■ **Directions**:
Keep the images out and set the listing below down word for word.

Segment Start: Source material

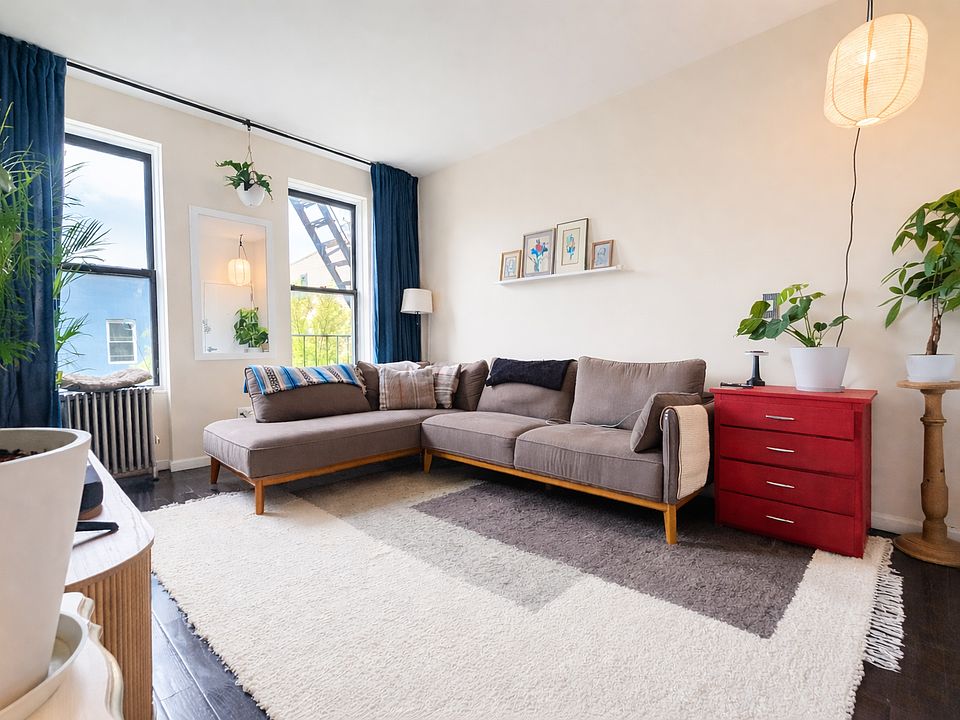 1st image of 278 Humboldt St APT 3r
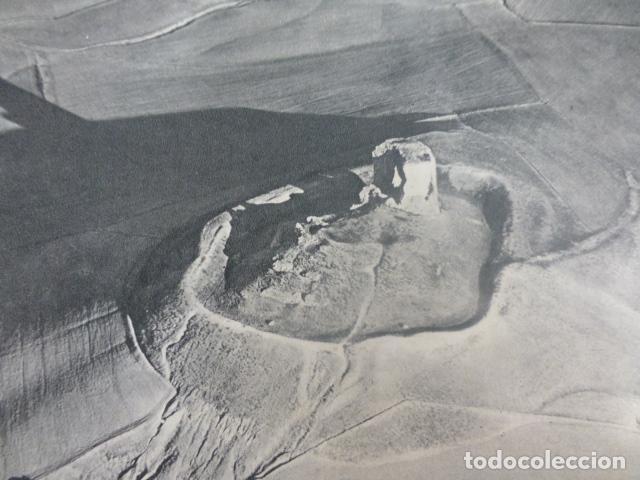 Documents Anciens: MOTA DEL MARQUES VALLADOLID VISTA AEREA DEL CASTILLO ANTIGUA LAMINA HUECOGRABADO A&Ntilde;OS 50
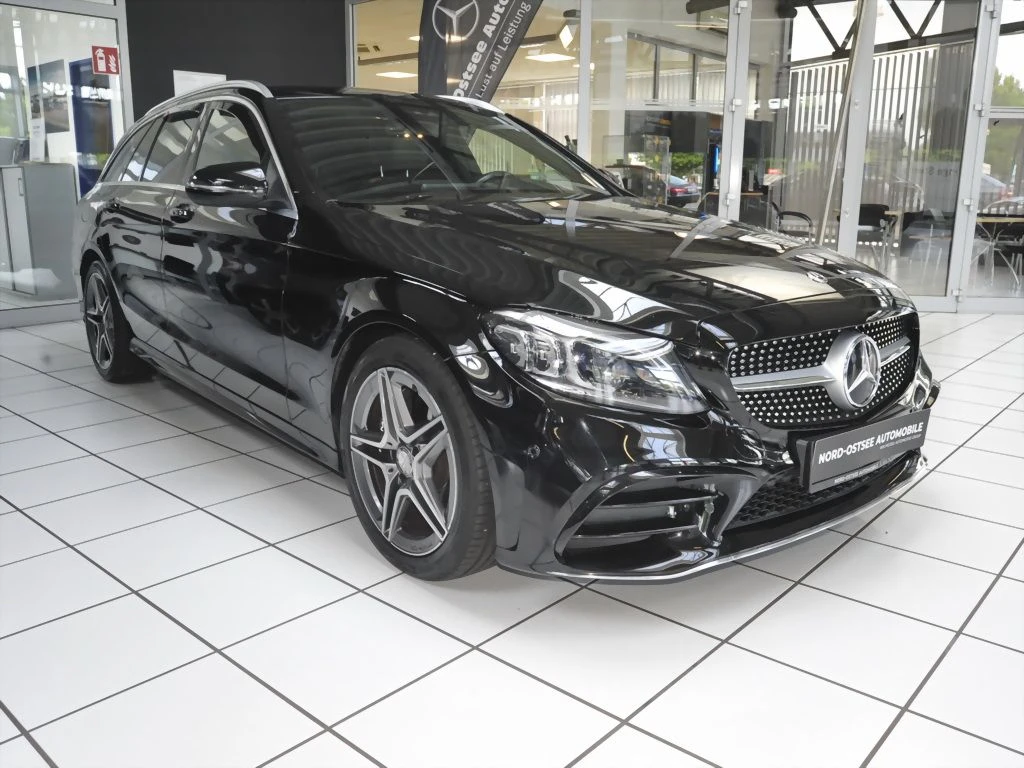 Mercedes-Benz-C-Klasse 300-image-3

Segment End: Source material

■ **Answer to this problem**:
 1st image of 278 Humboldt St APT 3r
 Documents Anciens: MOTA DEL MARQUES VALLADOLID VISTA AEREA DEL CASTILLO ANTIGUA LAMINA HUECOGRABADO A&Ntilde;OS 50
 Mercedes-Benz-C-Klasse 300-image-3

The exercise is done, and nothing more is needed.